Aim of the task:
The entries are to be returned exactly, with images left out.

(Crawled caption data)
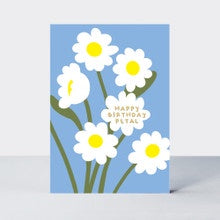 Petal Blue Camomile Card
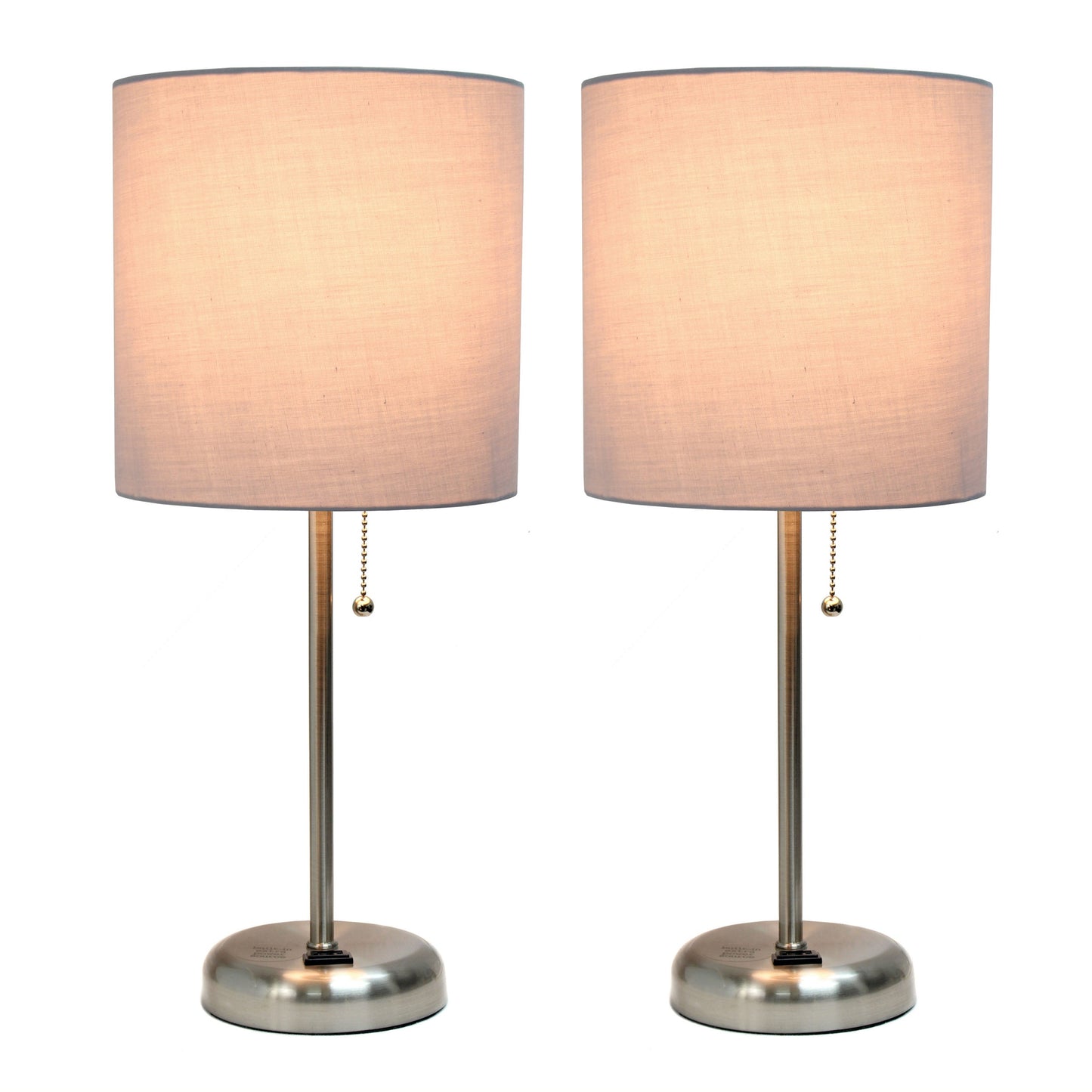 All The Rages LimeLights 2-Piece Gray Fabric Shade Brushed Steel Lamp With Charging Outlet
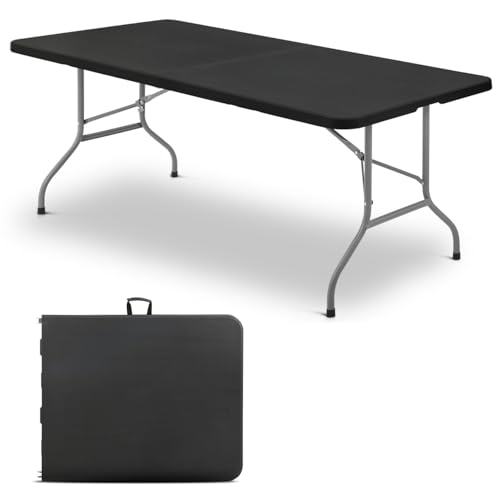 48 Inch Folding Table with Carry Handle, Portable Heavy Duty Plastic Utility Table with Steel Legs for Party, Wedding, Camping, Indoor, Outdoor Event, White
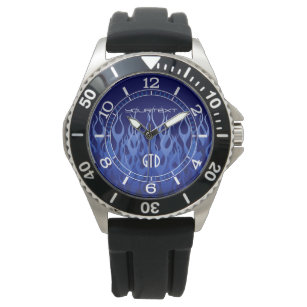 Aangepast Cool Blue op Blue Racing Flames Dial Horloge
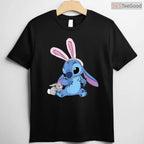 Disney Stitch In Easter Bunny Costume T-Shirt Cute Fuzzy Friend Holiday Shirt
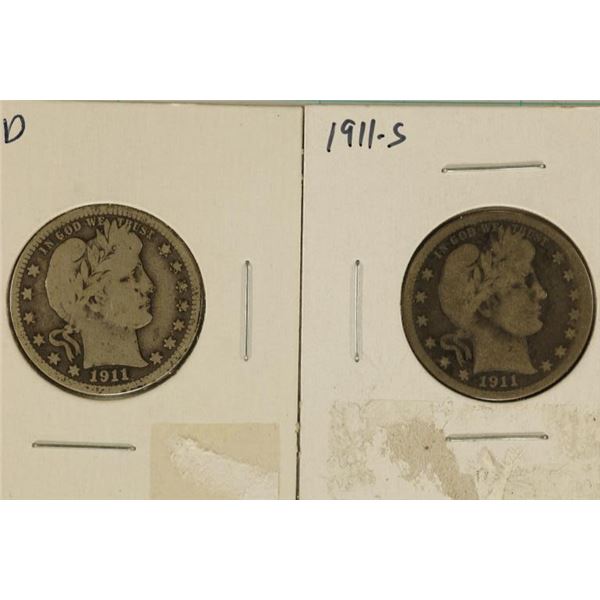 1911-D & S SILVER BARBER QUARTERS THE 11D IS VG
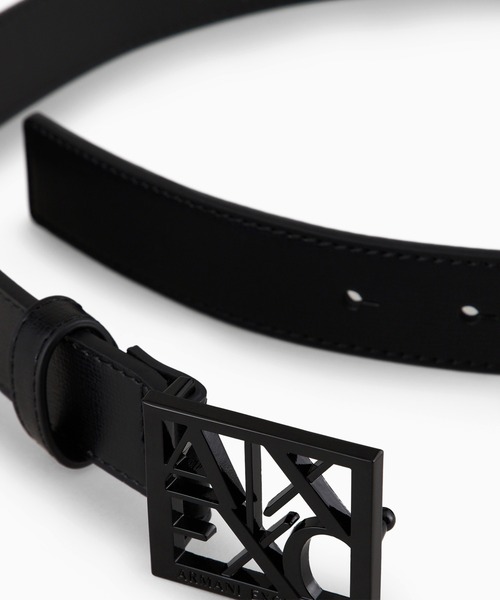 A|X アルマーニ エクスチェンジ】BOXロゴバックル ベルト（ベルト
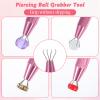 4Pcs Stainless Steel Piercing Ball Grabber Tool, Dual Thread Control Piercing Kit, 16G-18G Jewelry Applicator, Flat Back Earrings Insertion Pins, Complete Body Jewelry Maintenance Set view 4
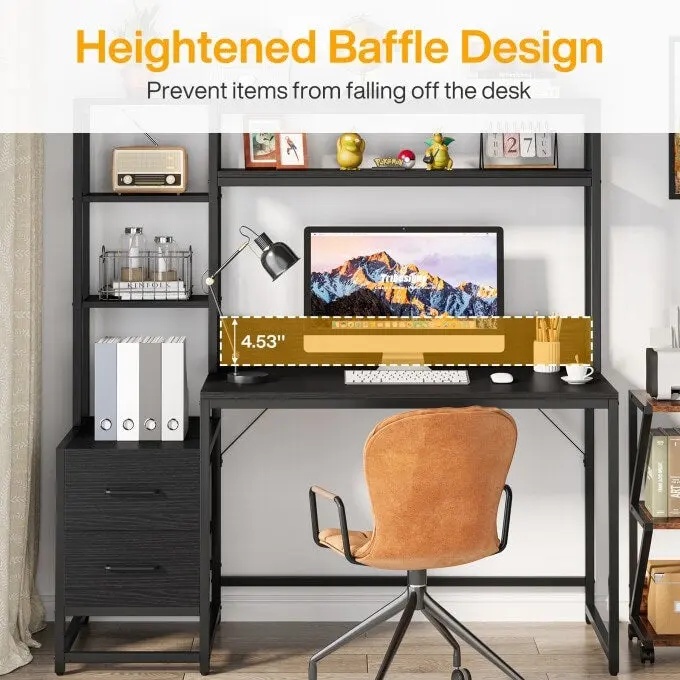 Rustic Computer Office Desk with Drawers and Hutch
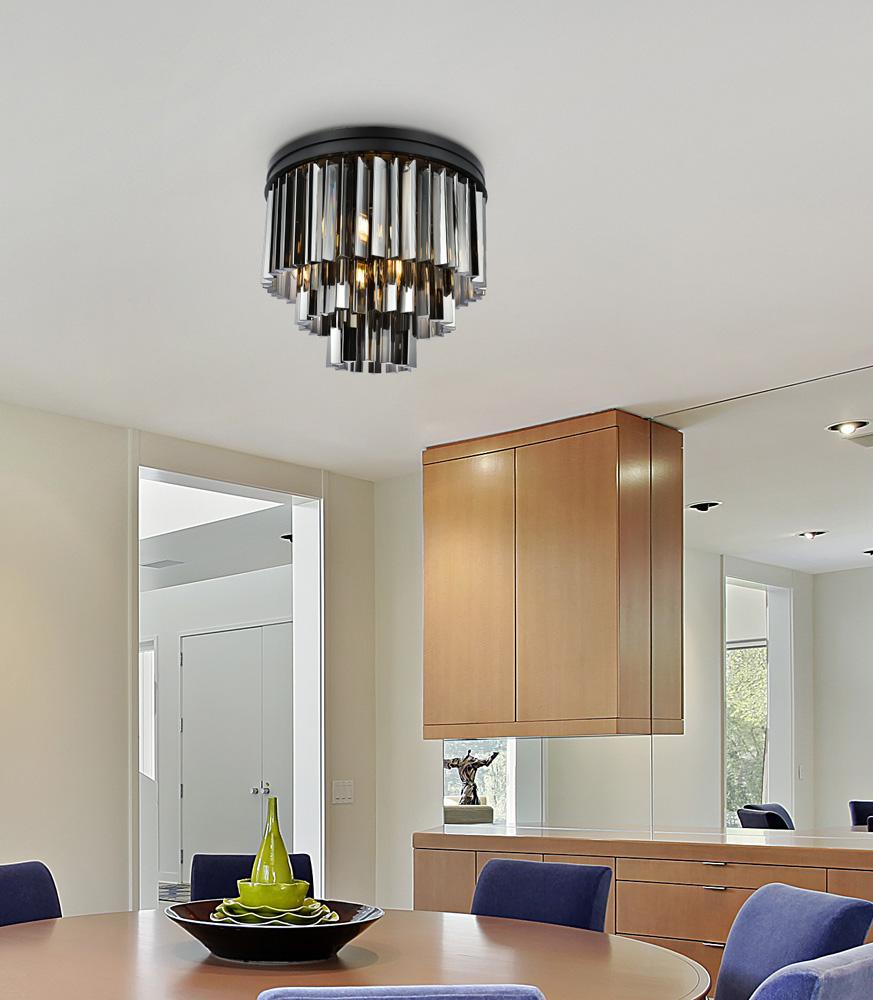 Elegant Furniture & Lighting - Sydney 9 light Matte Black Flush Mount Silver Shade (Grey) Royal Cut Crystal - 1201F20MB-SS/RC veiw 1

Response for this exercise:
 Petal Blue Camomile Card
 All The Rages LimeLights 2-Piece Gray Fabric Shade Brushed Steel Lamp With Charging Outlet
 48 Inch Folding Table with Carry Handle, Portable Heavy Duty Plastic Utility Table with Steel Legs for Party, Wedding, Camping, Indoor, Outdoor Event, White
 Aangepast Cool Blue op Blue Racing Flames Dial Horloge
 Disney Stitch In Easter Bunny Costume T-Shirt Cute Fuzzy Friend Holiday Shirt
 1911-D & S SILVER BARBER QUARTERS THE 11D IS VG
 A|X アルマーニ エクスチェンジ】BOXロゴバックル ベルト（ベルト
 4Pcs Stainless Steel Piercing Ball Grabber Tool, Dual Thread Control Piercing Kit, 16G-18G Jewelry Applicator, Flat Back Earrings Insertion Pins, Complete Body Jewelry Maintenance Set view 4
 Rustic Computer Office Desk with Drawers and Hutch
 Elegant Furniture & Lighting - Sydney 9 light Matte Black Flush Mount Silver Shade (Grey) Royal Cut Crystal - 1201F20MB-SS/RC veiw 1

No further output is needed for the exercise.